#### Given material
=== Begin Enclosure ===
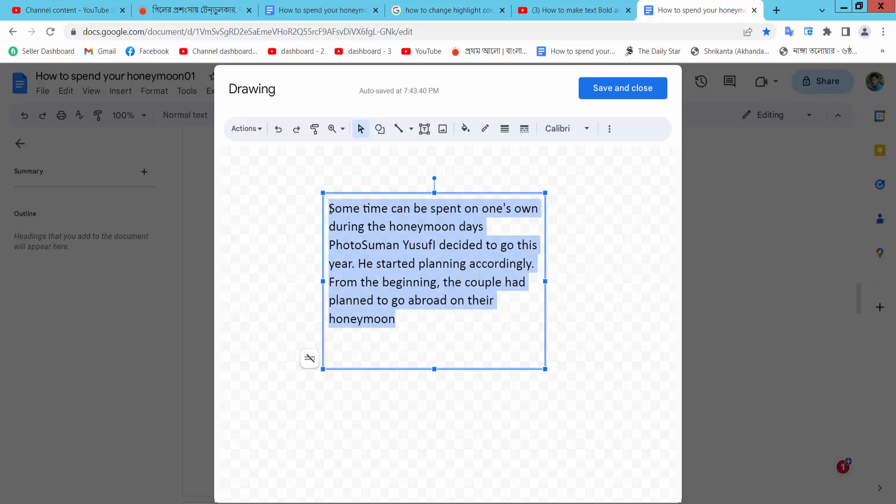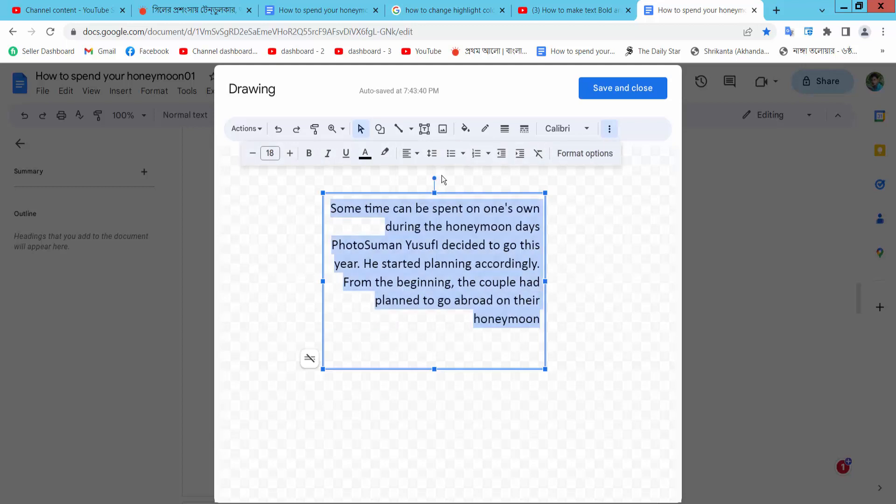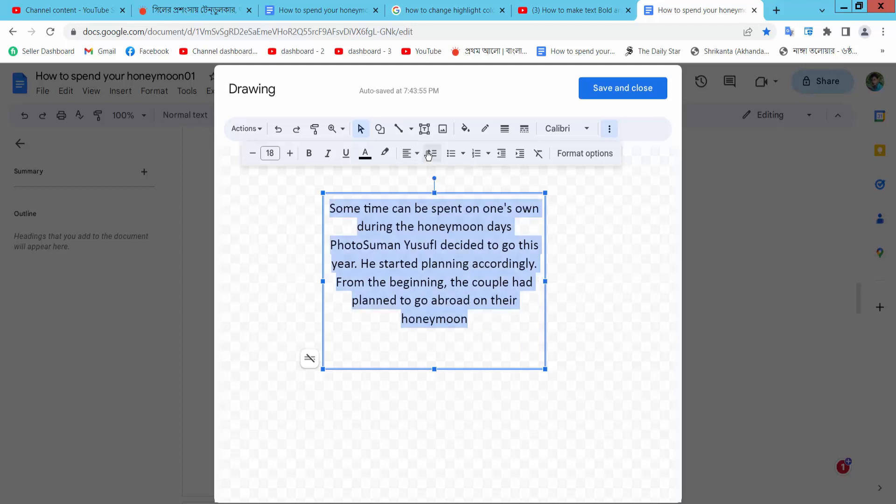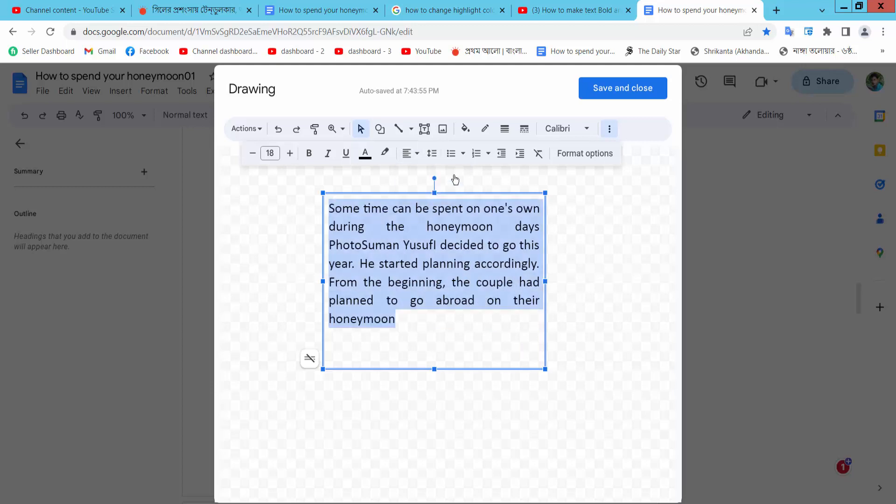Now select your whole text and select this three-dot option. Here we will find the align option. You can align left, align center, align right, or you can adjust the alignment.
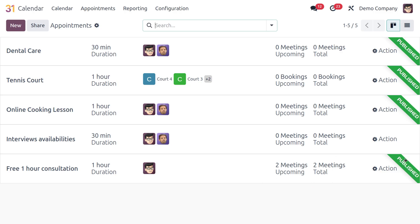That's all about how to schedule an appointment, create bookings, and manage everything in the Odoo Calendar module. I hope you found this video helpful. If you liked it, please subscribe, share with your friends, and have a nice day. Thank you.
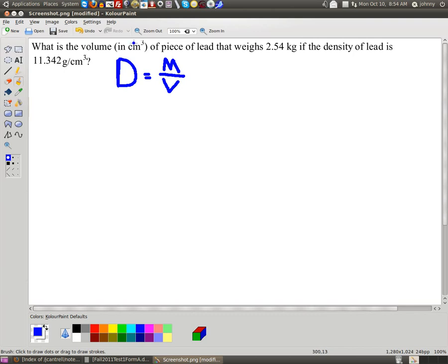So let's go ahead and get started. In this problem, we know we're looking for volume, so that means more than likely they're going to tell us the mass. As we read on, they tell us they're going to give us 2.54 kilograms for a mass, and this is for lead. They also give us a density. I know not to start with density — I know that density is my conversion factor. In my dimensional analysis, I can flip this as often as I want and where I need to.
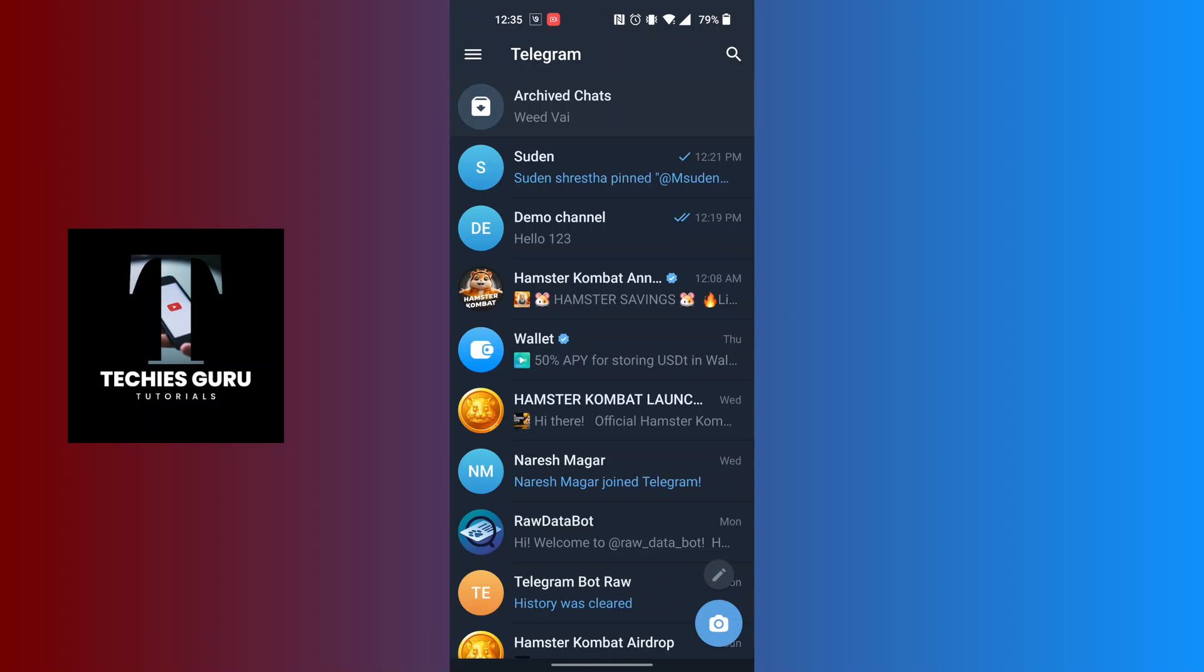And there you have it guys, this is how to archive a chat on Telegram. If you have any confusions or questions regarding the topic, feel free to comment in the comment section below. Don't forget to like, subscribe, and hit that bell icon for more videos. Thank you for watching guys, peace.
=== End Enclosure ===
The line containing "That's all about" marks the end: retype every line from the first one in the listing up to and including it, without pictures.

Now select your whole text and select this three-dot option. Here we will find the align option. You can align left, align center, align right, or you can adjust the alignment.
That's all about how to schedule an appointment, create bookings, and manage everything in the Odoo Calendar module. I hope you found this video helpful. If you liked it, please subscribe, share with your friends, and have a nice day. Thank you.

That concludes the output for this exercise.